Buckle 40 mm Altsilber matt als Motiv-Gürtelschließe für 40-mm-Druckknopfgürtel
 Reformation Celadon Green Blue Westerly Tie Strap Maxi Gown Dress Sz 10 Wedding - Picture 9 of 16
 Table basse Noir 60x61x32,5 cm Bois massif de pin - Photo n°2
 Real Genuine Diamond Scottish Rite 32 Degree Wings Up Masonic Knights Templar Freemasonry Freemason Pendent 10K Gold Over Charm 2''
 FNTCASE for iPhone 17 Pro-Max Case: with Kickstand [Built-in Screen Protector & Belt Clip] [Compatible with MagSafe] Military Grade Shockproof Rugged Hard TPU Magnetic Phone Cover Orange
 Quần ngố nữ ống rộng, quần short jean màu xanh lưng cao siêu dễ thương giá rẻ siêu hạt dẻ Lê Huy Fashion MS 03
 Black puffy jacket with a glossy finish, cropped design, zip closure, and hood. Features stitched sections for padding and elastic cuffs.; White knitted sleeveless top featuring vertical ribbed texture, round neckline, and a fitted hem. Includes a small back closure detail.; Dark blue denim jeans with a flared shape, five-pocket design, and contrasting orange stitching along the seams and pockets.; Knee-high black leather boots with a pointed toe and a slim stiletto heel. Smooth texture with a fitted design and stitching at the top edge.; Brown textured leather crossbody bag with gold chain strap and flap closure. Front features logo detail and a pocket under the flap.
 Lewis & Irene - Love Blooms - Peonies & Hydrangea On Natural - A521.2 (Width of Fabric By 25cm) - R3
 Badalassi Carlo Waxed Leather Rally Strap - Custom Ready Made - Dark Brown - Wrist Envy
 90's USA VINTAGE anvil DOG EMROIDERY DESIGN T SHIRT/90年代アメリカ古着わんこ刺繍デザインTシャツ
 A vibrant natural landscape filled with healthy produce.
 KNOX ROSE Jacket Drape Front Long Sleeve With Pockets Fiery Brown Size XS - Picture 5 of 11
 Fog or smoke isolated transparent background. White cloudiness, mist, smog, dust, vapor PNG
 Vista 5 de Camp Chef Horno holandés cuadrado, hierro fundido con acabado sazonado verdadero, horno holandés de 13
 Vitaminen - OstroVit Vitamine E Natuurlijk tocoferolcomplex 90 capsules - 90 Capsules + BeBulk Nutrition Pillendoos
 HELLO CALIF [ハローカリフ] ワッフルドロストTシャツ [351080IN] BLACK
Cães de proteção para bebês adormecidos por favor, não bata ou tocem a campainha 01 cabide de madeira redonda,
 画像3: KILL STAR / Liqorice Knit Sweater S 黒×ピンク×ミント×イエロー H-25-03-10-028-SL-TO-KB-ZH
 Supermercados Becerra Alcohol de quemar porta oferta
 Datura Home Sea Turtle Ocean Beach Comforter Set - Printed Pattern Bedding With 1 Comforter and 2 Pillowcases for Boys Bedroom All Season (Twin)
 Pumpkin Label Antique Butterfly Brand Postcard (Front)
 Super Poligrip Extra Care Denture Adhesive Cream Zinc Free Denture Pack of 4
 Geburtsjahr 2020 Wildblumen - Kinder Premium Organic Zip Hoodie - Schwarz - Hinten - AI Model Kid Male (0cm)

========================

> **Problem**:
Look back at the entries above. Retype the line with "Badalassi Carlo Waxed", the line with "A vibrant natural", and all lines in between.

> **Result below**:
 Badalassi Carlo Waxed Leather Rally Strap - Custom Ready Made - Dark Brown - Wrist Envy
 90's USA VINTAGE anvil DOG EMROIDERY DESIGN T SHIRT/90年代アメリカ古着わんこ刺繍デザインTシャツ
 A vibrant natural landscape filled with healthy produce.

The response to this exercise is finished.